# Solved: Can't see gif images



## masto0516 (Nov 11, 1999)

When I go to a web page(any web page),I can't see the gif images.All that is there is an empty box with a red x.I cleaned my system directory yesterday of unused dll's and I also cleaned out my registry.My system seems to running fine except for the gif problem.Could it be a missing dll?Any help is greatly appreciated!I am ruuning windows 98 with AOL as my browser.

[This message has been edited by masto0516 (edited 02-24-2000).]


----------



## sickly (Jan 7, 2000)

To be sure that it's on your end, and not just a lot of broken images on web pages, go to this site:
http://www.d.umn.edu/~aolson7/ 
which is my home page. I know all the pictures there are good, and the one in the middle is a gif and the rest are jpg's. The only time I've heard of this happening, it was just that the user was visiting a lot of sites with unavailable images, and there was nothing wrong on the user end at all.


----------



## masto0516 (Nov 11, 1999)

Can't see any images,just empty boxes with red x's.When I emptied out my history and temporary internet files and minimized aol and launched IE5 and went to your web site I saw all the images.

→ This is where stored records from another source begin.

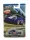 Hot Wheels Silver Series Vintage Club - Porsche 356 Outlaw - Hot Wheels - 1:64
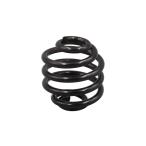 2in сиденье springs черный 1P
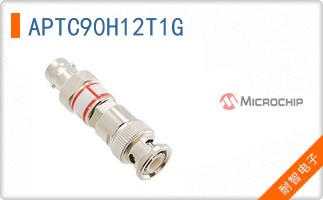 APTC90H12T1G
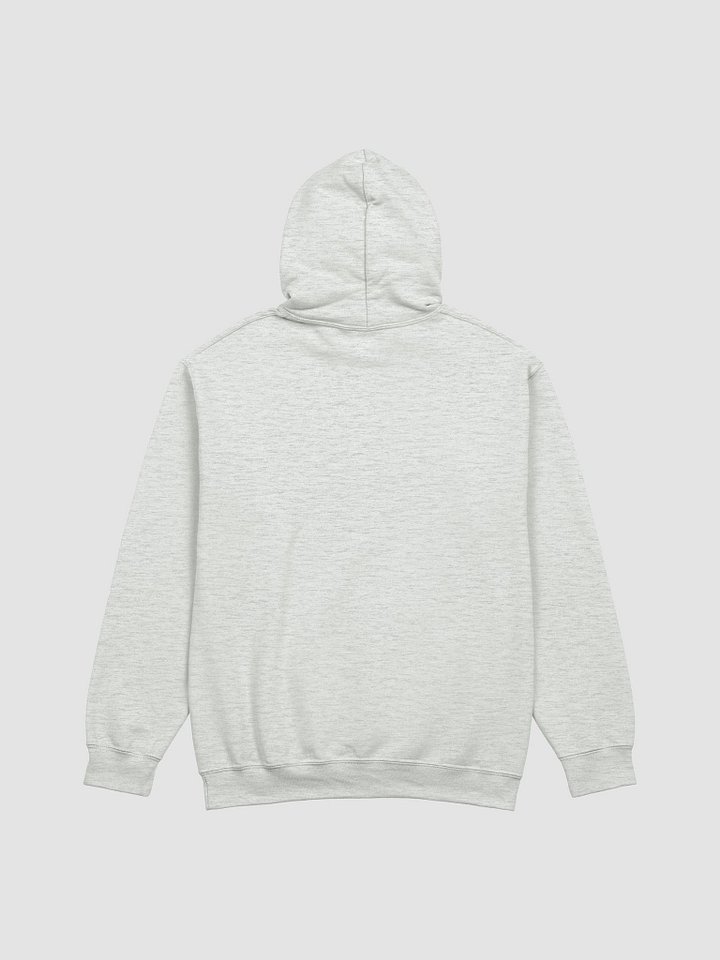 Rooted in Strength, Blooming in Grace Hoodie product image (12)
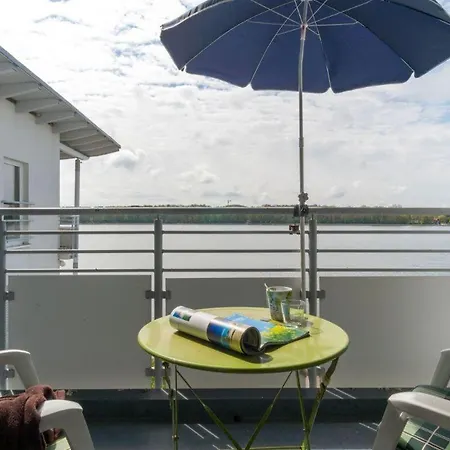 Haus-windjammer-wohnung-22-warderperle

[This message has been edited by masto0516 (edited 02-24-2000).]


----------



## LarryCore (Aug 26, 1999)

If you can see them via IE then your internet settings for windows are ok. It must be an AOL setting. I don't know anything about how AOL does that stuff, but I'm sure there is a user preferences option or something in there...


----------



## masto0516 (Nov 11, 1999)

Problem solved.Just unchecked use compressed graphics in the WWW preference area.How simple was that?Feel pretty dumb.Thanks for the help.


----------



## Catherine (Feb 26, 2000)

"AOL ART Image Format Support" is also on the Windows Product Updates site for anyone else that might be reading this later (if the previous post's resolution doesn't work).


----------